To say that Moby-Dick is a book about meaning is probably not a terribly bold statement. I haven’t done a search of the literature, but I’d wager a big bag of M&Ms that there are a dozen or more theses floating around whose titles (or tortuous subtitles) incorporate variants of our book’s title and author and the word “meaning.” During our first week’s reading, I spent some time poking around to find instances of the word (and its kin — it was this effort that resulted in Moby-Diction) and discovered some thirty in the opening sixteen chapters, of which a number of significant instances could be retained after paring off some of the junk. I’ll spare you the rambling set of quotes I had originally planned to pull by way of illustration, but I will offer one, Ishmael, on the appeal of the water:

Surely all this is not without meaning. And still deeper the meaning of that story of Narcissus, who because he could not grasp the tormenting, mild image he saw in the fountain, plunged into it and was drowned.

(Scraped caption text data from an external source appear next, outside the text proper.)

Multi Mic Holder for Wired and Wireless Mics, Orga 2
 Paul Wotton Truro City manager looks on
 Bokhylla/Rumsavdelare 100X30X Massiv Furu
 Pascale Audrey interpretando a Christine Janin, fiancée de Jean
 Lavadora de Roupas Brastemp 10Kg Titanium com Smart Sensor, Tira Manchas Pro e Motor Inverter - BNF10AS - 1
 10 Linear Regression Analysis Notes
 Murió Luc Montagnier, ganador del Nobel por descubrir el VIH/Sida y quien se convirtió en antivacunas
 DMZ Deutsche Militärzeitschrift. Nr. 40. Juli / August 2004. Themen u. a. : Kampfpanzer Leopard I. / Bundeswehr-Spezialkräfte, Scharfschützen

Although one might mark this down as simply a convenient literary reference on Melville’s part, I believe it bears some more scrutiny as it fits into our second week’s chunk of pages. What’s interesting to me isn’t so much the correspondence with certain patterns of narcissism through chapter 41 (not the least of which turns out to be Ahab’s decision to draft a ship and its crew to fulfill his personal vendetta), but the sense Melville’s word choice gives us of a yearning for (I think) understanding where none can in truth be found. In some versions of the Narcissus myth, the youth does reach out and try to grasp his reflection, thereby plunging to his death by drowning. This is a physical grasping. The OED cites usages of “grasp” meaning “to lay hold of with the mind… to comprehend” as far back as 1680. What a tactile definition for such an abstract sense of the word! By choosing this word, Melville imbues the circumstances of this myth with the sense of not only a physical grasping for something but also a mental grasping, as in a search for meaning. Further, it is a search for meaning not within the self but within some dumb, other, obsessed-about thing.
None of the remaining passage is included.